2. El pueblo sepultado de San Juan Parangaricutiro (Michoacán). Hace apenas cuarenta años, en 1973, el volcán Paricutín despertó de su letargo y sepultó la población vecina bajo la lava. De aquella catástrofe sólo se salvaron las torres de la iglesia, que por magia divina aún hoy se conservan incrustadas en la roca. Actualmente los vecinos de la zona viven en el Nuevo San Juan Parangaricutiro, pegado al pueblo desaparecido, y lejos de estar tristes por aquella erupción deben estar agradecidos, puesto que el municipio vive gracias al turismo.

3. La cueva de los cristales (Naica, Mexico). Se podría definir como la Capilla Sixtina de los espeleólogos. Esta cueva, situada a 300 metros de profundidad, contiene cristales de selenita de grandes dimensiones. Aunque la media de estas columnas es de unos seis metros por bloque, alguna llega a los once. Fue descubierta en el año 2000 y de ella se extrae plomo. La escena es preciosa, pero no debe ser muy agradable la visita si tenemos en cuenta que la temperatura oscila entre los 40 y 50º y la humedad sobrepasa el 80%.

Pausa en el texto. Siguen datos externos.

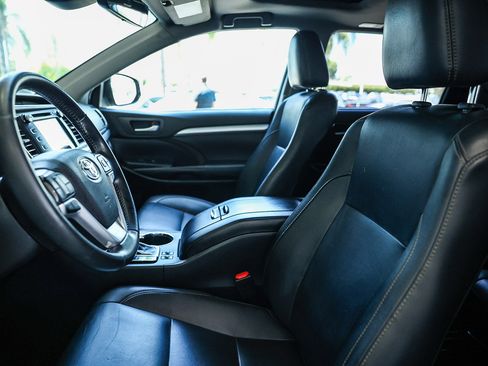 Used 2019 Toyota Highlander XLE image 26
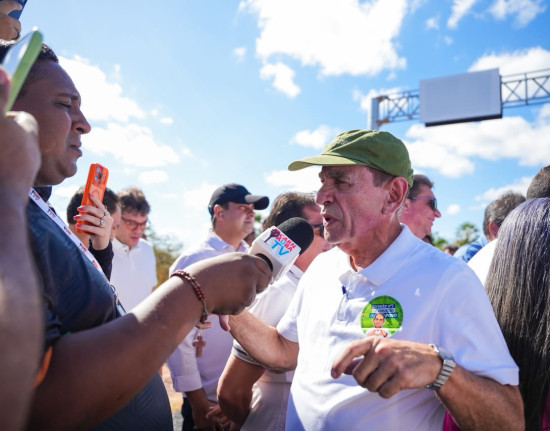 Marcelo Castro participa da entrega da PI-224 e anuncia investimentos na região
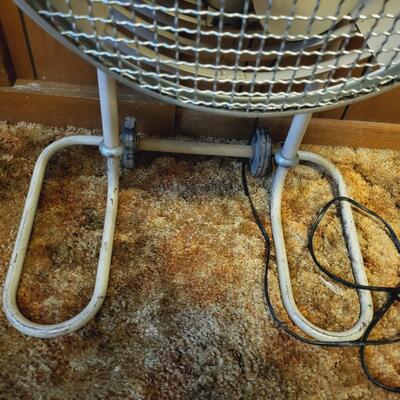 VINTAGE WESTINGHOUSE METAL FLOOR FAN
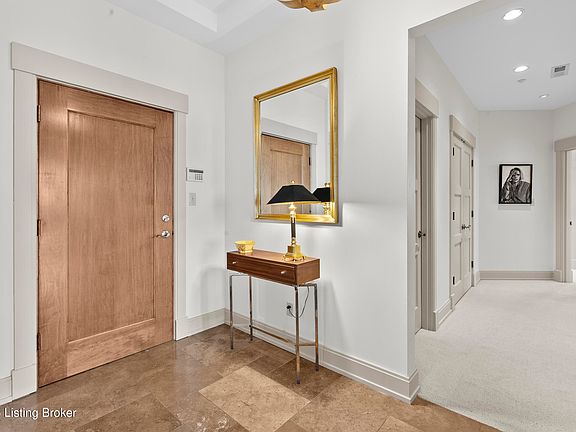 4th image of 222 Witherspoon St #902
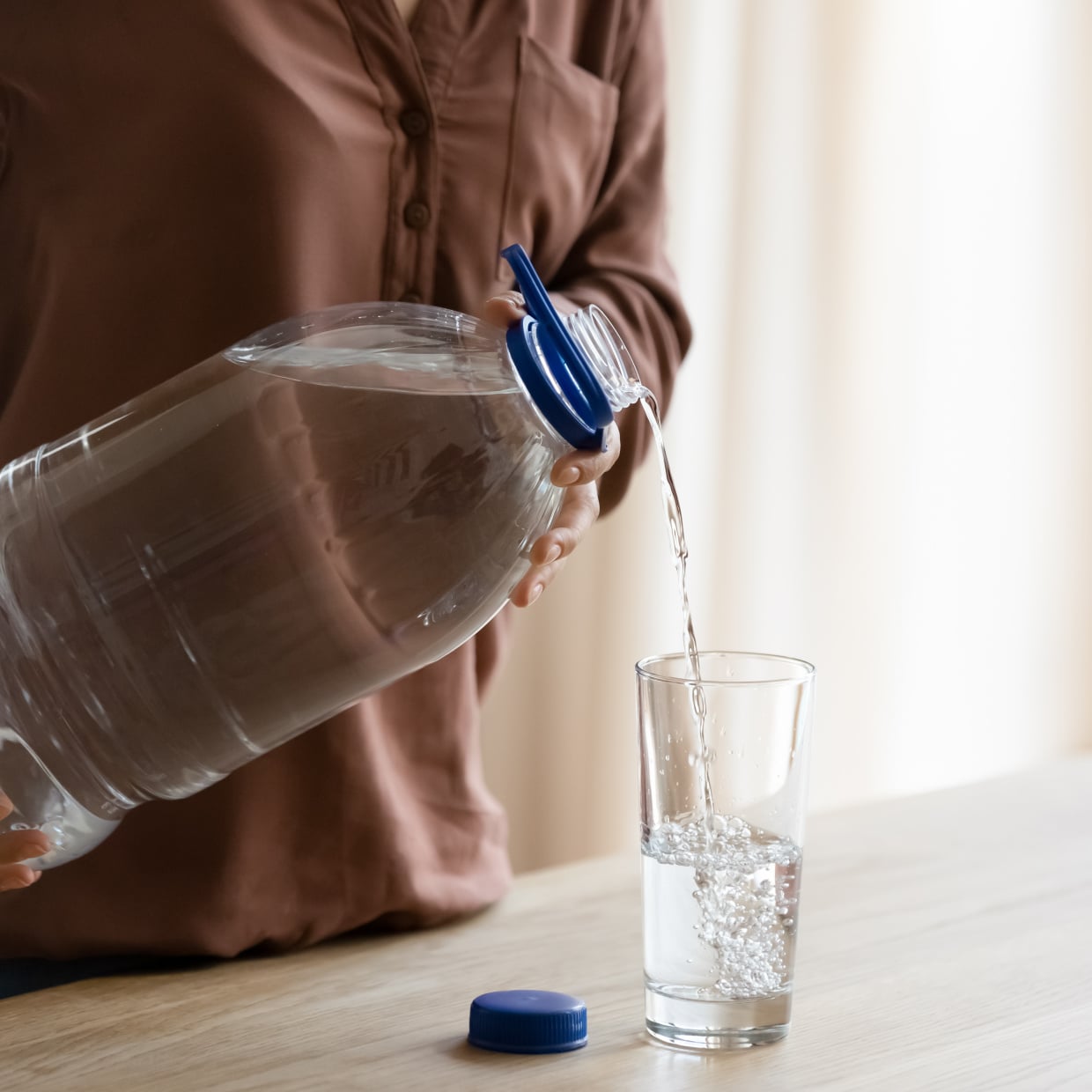  “大容量のペットボトルの水”をこぼさずコップに入れるワザ「びしょびしょにならない」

4. La Isla de las Muñecas (DF). Hay pocas cosas que den más miedo que decenas de muñecas colgadas de árboles y arbustos. Pues bien, cerca de los canales de Xochimilco hay una zona que responde a esta descripción. La leyenda cuenta que años atrás una niña se ahogo aquí y que un vecino empezó a dejar muñecas en su recuerdo. Este personaje, Julián Santana Barrera, murió en el año 2001, y colocaba en los árboles las muñecas que encontraba en las basuras para ahuyentar a los malos espíritus y para conseguir buenas cosechas. ¿Alguien se atreve a pasear por este paraje?

5. Fiesta de los muertos (San Andrés de Mixquic, DF). Y acabamos esta lista con una tradición y no un lugar. Al hilo de espíritus y seres del más allá, cabe hablar de una tradición mexicana bien curiosa. Esta celebración combina los antiguos ritos aztecas con la tradición más moderna, la cristiana, y tiene como objetivo rendir culto a los muertos. Antiguamente en esta población se sacrificaban prisioneros de guerra en honor a la diosa de la Muerte. Hoy día, la celebración es más moderada, pero no por ello aburrida, y atrae anualmente a miles de turistas nacionales y extranjeros. El 1 y 2 de noviembre los lugareños adecuan las tumbas de sus difuntos, ornamentan sus casas y construyen altares donde dejaran ofrendas. Mariachis amenizan la velada mientras se celebran concursos de calaveras de cartón y se acompaña un cortejo fúnebre. Aunque la fiesta de esta localidad sea de las más famosas, en casi todo el estado mexicano se celebra el día de los Muertos.